I think our own cynicism and fear of failure gets in our way as individuals often. You can’t move from a place of imagination and spirit when you are too afraid to mess up, or be criticized, or learn by doing. We have to have a willingness to trust the process and one another in order to access our imaginative and spiritual potential.

SA: I agree with Lyles. I think sometimes the level of infrastructure that exists around nonprofits actually hinders groups and movements’ abilities to dream the impossible in order to actualize transformative change. In many parts of the world, movements aren’t build through nonprofit infrastructures and while that may have challenges it also has allowed for courageous, visionary leadership. The belief that people can, in fact, transform themselves in order to transform the world has made it possible for movements to topple dictatorships, fascist regimes and regressive governments.

As movement folks in the U.S. we must learn from movements outside of our own context. If we can learn to see that we do not always have to “play by the rules” of a nonprofit, and that if we are willing to push against those rules and limitations then we may be able to unleash our political imagination to a place we could have never dreamed of. Maybe once we do that, we will be able to push even further into the world where we can all breathe, taste, touch, hear and see liberation in our lifetime.  

 


On What’s Next
Tell us about your greatest ambitions! What else will you be working on?!

SA: I’ll be taking a very tiny and much needed break! I’ll be spending nearly a month back home in Chile for the first time in 20 years and I’m feeling incredibly grateful for that opportunity. I’ve also been in conversations with the amazing and badass folks at Mijente about possibly  building out some work with them, which is very exciting. I’m looking forward to coming back from the homeland with some renewed energy and to continue organizing and shutting it down for my communities.

JFL: My greatest ambition is to get in where I fit in in this movement, over and over as times and conditions change, and honor the legacy of freedom fighters who have gone before us by never giving up on the possibilities that have given me hope in some of the bleakest moments (like right now for example, but also many other times). I’m thrilled to have joined the staff of Groundswell Fund, where I am continuing to build resources and infrastructure for crucial women of color-led movement work, primarily in the reproductive justice world. I’ll also continue to support the work of Girls Rock Charleston in a volunteer capacity–shout out to the epic after school program they are building to divert youth from the school-to-prison pipeline in South Carolina!

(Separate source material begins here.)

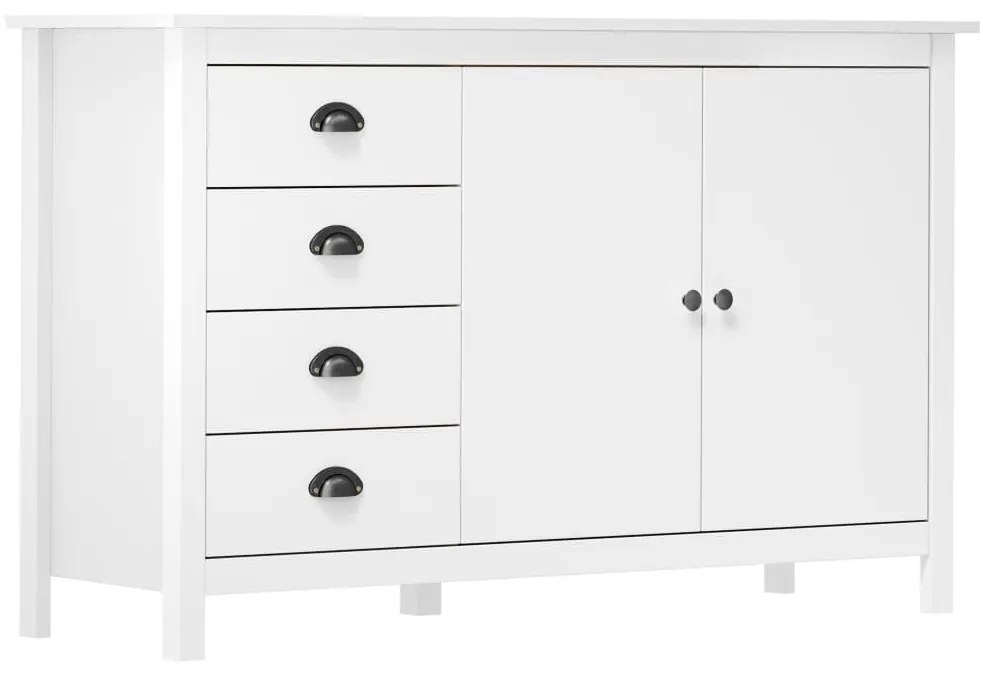 Credenza hill bianca 130x40x80 cm in legno massello di pino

How/can people get in touch with you?

SA: Email me! salemacuna@gmail.com or come hang in DC!

JFL: Folks can reach me at jflyles@gmail.com. I would love to hear from you!

Is there anything else you want to share with SONG members?

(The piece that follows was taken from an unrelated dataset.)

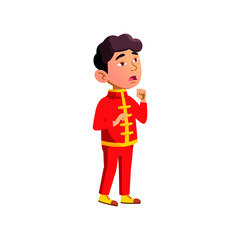 chinese little boy singing on scene cartoon vector. chinese little boy singing on scene character. isolated flat cartoon illustration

SA: A huge thanks to everyone I’ve met along the way. The generosity of spirit that everyone has offered has been incomparable, and I am so glad that I get to experience this organization with so many brilliant, joyful and kind people.

JFL: My deep and lasting gratitude for allowing me to be a part of the leadership of this organization–each of you make #queermagic out of the time and tools you have, and I’m so lucky to get to be a part of that.